A special note on the visuals: Despite all the concerns about the downgrades and some glitches that still occur (such as abruptly shifting weather or time of day conditions when you exit a cave), The Witcher 3 is absolutely beautiful. It conveys a magnificent sense of scale and nuance at the same time. Even when casually wandering through the world, I’m amazed at the abject detail around me. Villagers take cover under hut awnings when it’s raining. Brick kilns can be seen smoking throughout the day as various workers tend to them. Shops close at night and certain merchants tend to appear at different times. A pair of shoes was found at the top of a cliff while a man’s corpse was found at the bottom (a possible suicide). Honestly, if you look closely and for a long enough time, you’ll notice much more.
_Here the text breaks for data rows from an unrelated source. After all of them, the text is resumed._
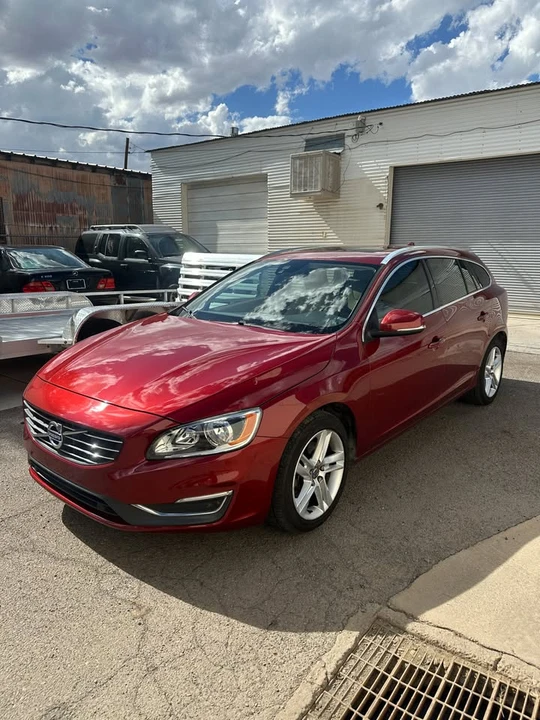 2015 Volvo V60 1st Gen - Image 7 of 20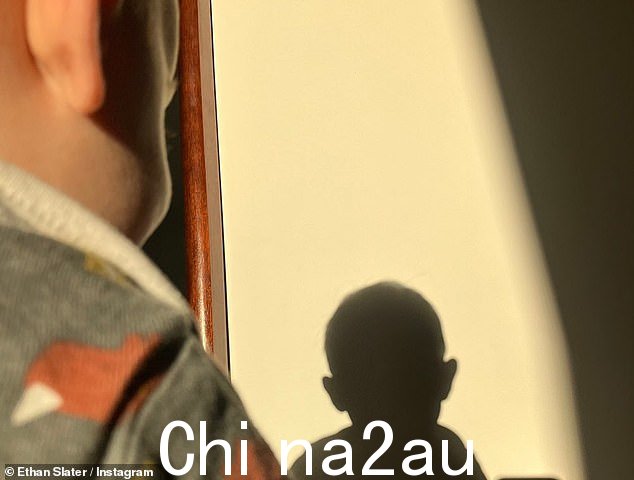 性别透露:在他的母亲节帖子中,伊森还透露,这对夫妇去年年底出生的第一个孩子是一个男孩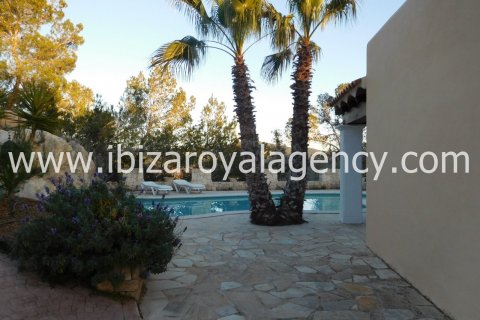 Villa zur Miete in Sant Miquel de Balansat, Ibiza, Spanien 3 Schlafzimmer, 250 m2 Nr. 30889 - Foto 6
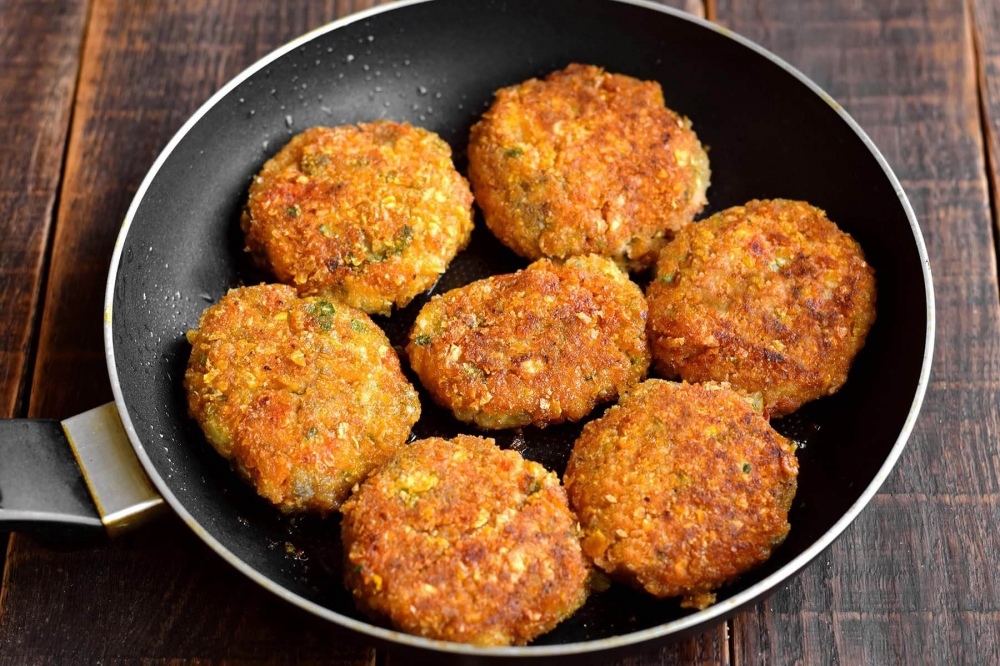 «И мяса не надо» - Котлеты из баклажанов смело заменят традиционные котлеты из фарша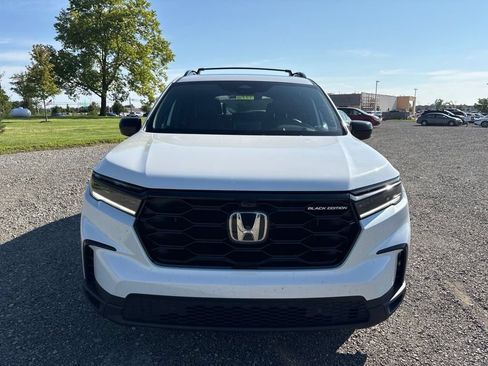 Used 2025 Honda Pilot Black Edition image 2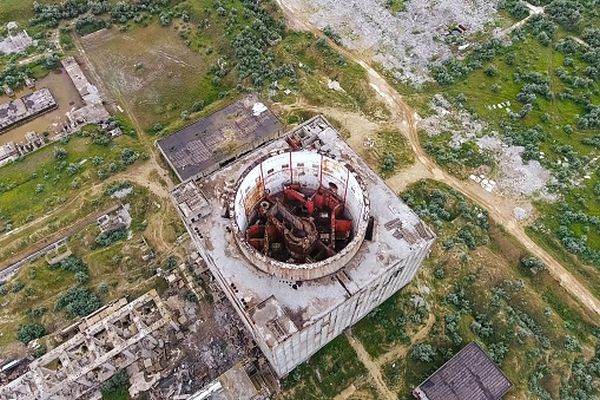 O dronă rusă a lovit o facilitate de depozitare a combustibilului nuclear uzat în apropiere de centrala de la Cernobîl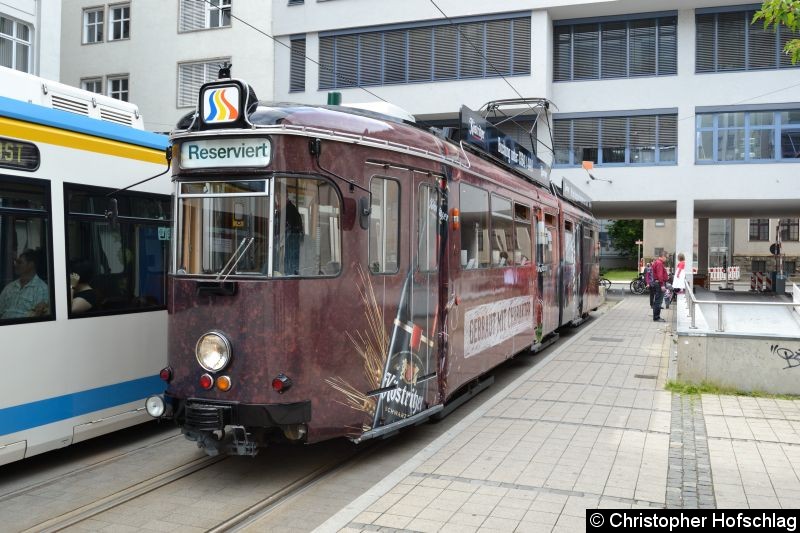 Bild: HTW 666 als Sonderfahrt am Ernst-Abbe-Platz.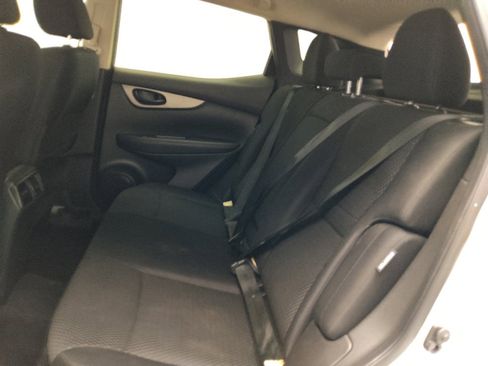 Used 2020 Nissan Rogue Sport S FWD image 18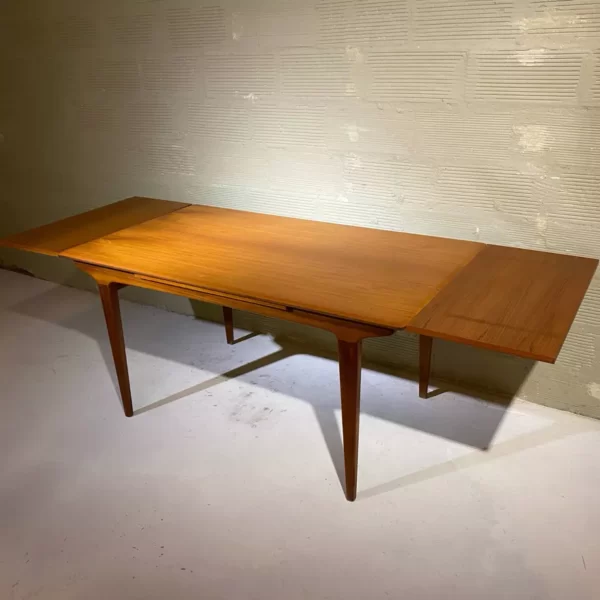 Table scandinave 1970 – Image 3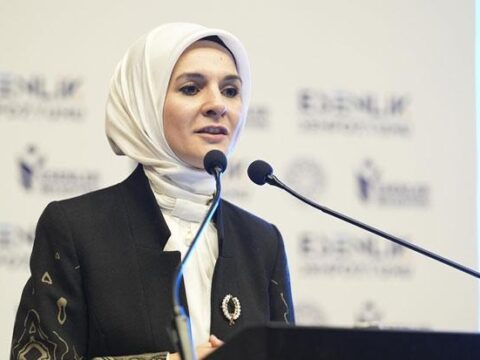 Bakan Göktaş: Aile değerlerini kaybeden Türkiye’nin sorunlarıyla hepimiz mücadele edeceğiz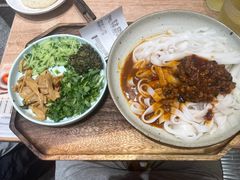 麻酱肉臊子手工拌粉-小满手工粉(北京来福士店)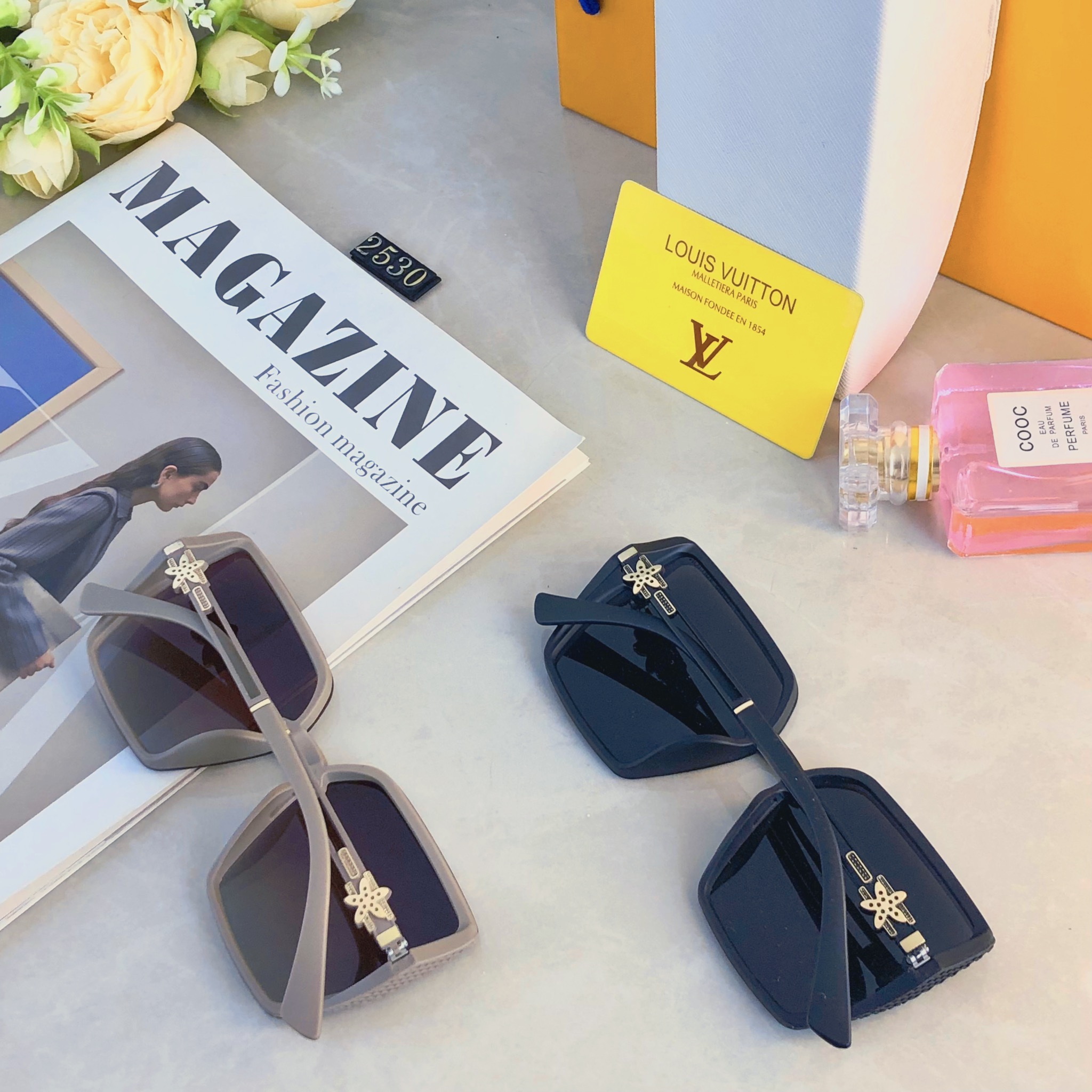 。。Louis vuitto*新款个性方形网红时尚潮流墨镜欧美四叶草高级感防晒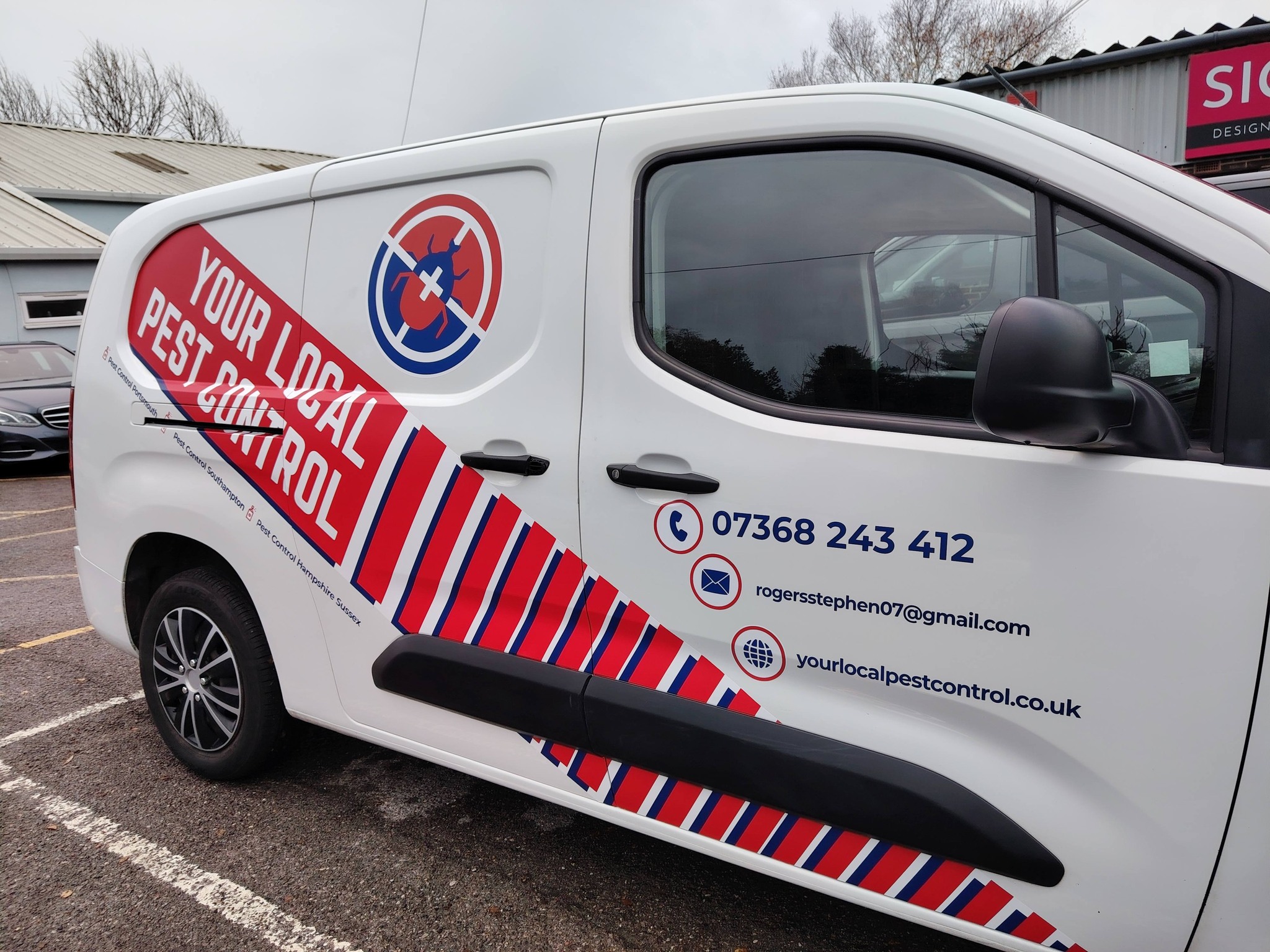 The Sign Shop - #storrington #lawnmowing #vansigns #signshopchi # ...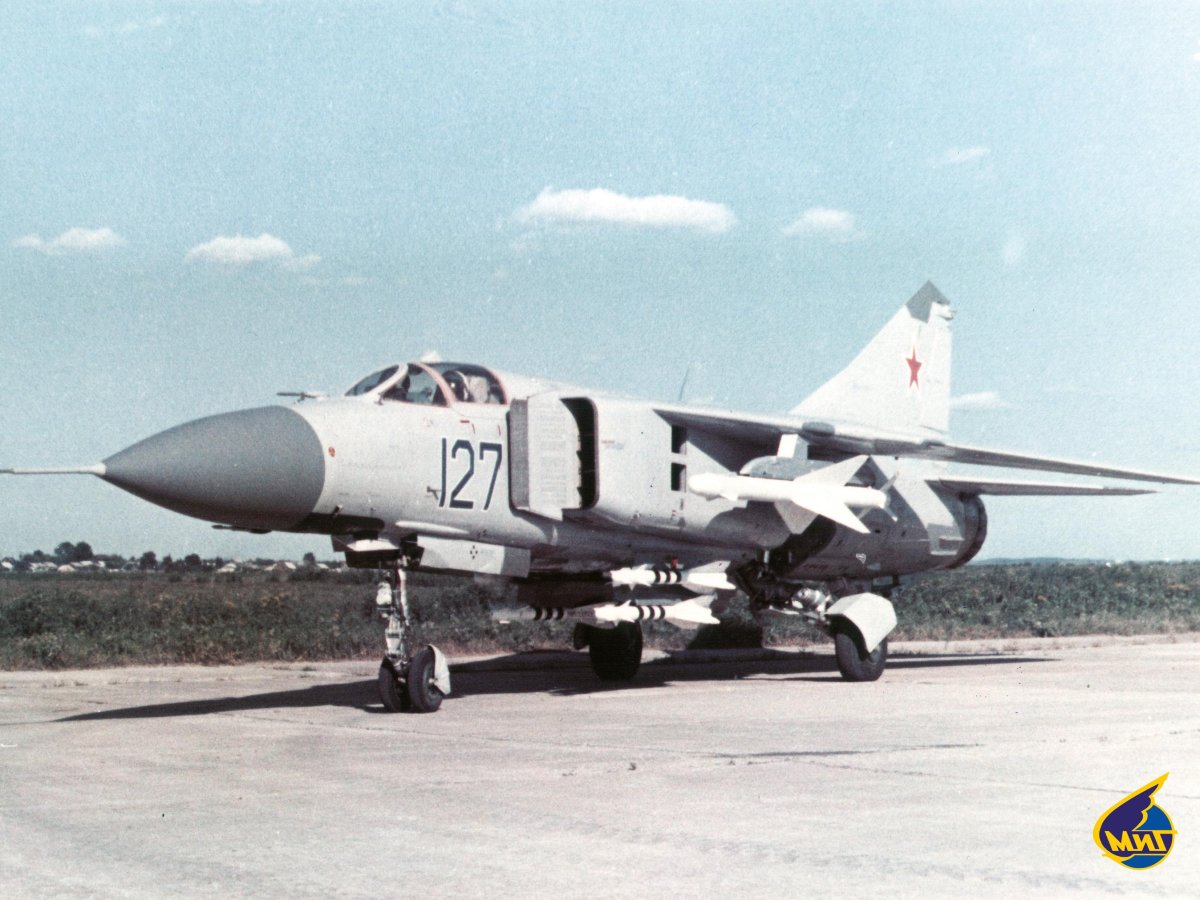 Самолет миг-23 мл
The Witcher 3: Wild Hunt may not be perfect. It may not be the game for everyone. However, it’s been a long time since I’ve played a game which has offered such a stunning experience even with its flaws, perfectly conveying its stories, characters, combat and visuals even with the occasional stumble in gameplay mechanics. The highest compliment I can pay to The Witcher 3 is that even after 75 hours of playtime, I’ve only experienced 30 percent of what the game has offer (by Xbox Live’s calculation at least). I can’t wait to experience the full 100 percent this game. I can’t wait to see everything it has to offer. And honestly, I can’t wait to go back and do it all again.